Your task:
Copy exactly the lines that run from the one containing "Llega AMLO a" through the end of the entries, both ends included.

Short descriptive text snippets

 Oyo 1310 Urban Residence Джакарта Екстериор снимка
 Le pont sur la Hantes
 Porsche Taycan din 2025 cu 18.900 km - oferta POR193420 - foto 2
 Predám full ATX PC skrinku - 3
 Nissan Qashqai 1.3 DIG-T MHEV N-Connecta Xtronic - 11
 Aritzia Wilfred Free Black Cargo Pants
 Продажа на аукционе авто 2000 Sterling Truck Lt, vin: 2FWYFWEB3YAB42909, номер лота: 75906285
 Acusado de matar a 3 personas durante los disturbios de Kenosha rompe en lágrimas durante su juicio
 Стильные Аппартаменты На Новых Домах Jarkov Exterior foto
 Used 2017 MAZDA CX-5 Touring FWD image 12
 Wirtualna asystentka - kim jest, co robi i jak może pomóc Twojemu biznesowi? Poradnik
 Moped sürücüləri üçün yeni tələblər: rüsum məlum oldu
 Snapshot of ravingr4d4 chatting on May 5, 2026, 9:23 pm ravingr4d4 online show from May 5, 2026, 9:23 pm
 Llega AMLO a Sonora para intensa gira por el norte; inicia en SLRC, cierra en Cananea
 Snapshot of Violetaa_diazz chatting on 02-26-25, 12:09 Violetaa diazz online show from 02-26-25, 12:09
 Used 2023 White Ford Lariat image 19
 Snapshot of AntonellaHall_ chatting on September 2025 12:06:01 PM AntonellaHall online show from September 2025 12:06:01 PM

Solution to this problem:
 Llega AMLO a Sonora para intensa gira por el norte; inicia en SLRC, cierra en Cananea
 Snapshot of Violetaa_diazz chatting on 02-26-25, 12:09 Violetaa diazz online show from 02-26-25, 12:09
 Used 2023 White Ford Lariat image 19
 Snapshot of AntonellaHall_ chatting on September 2025 12:06:01 PM AntonellaHall online show from September 2025 12:06:01 PM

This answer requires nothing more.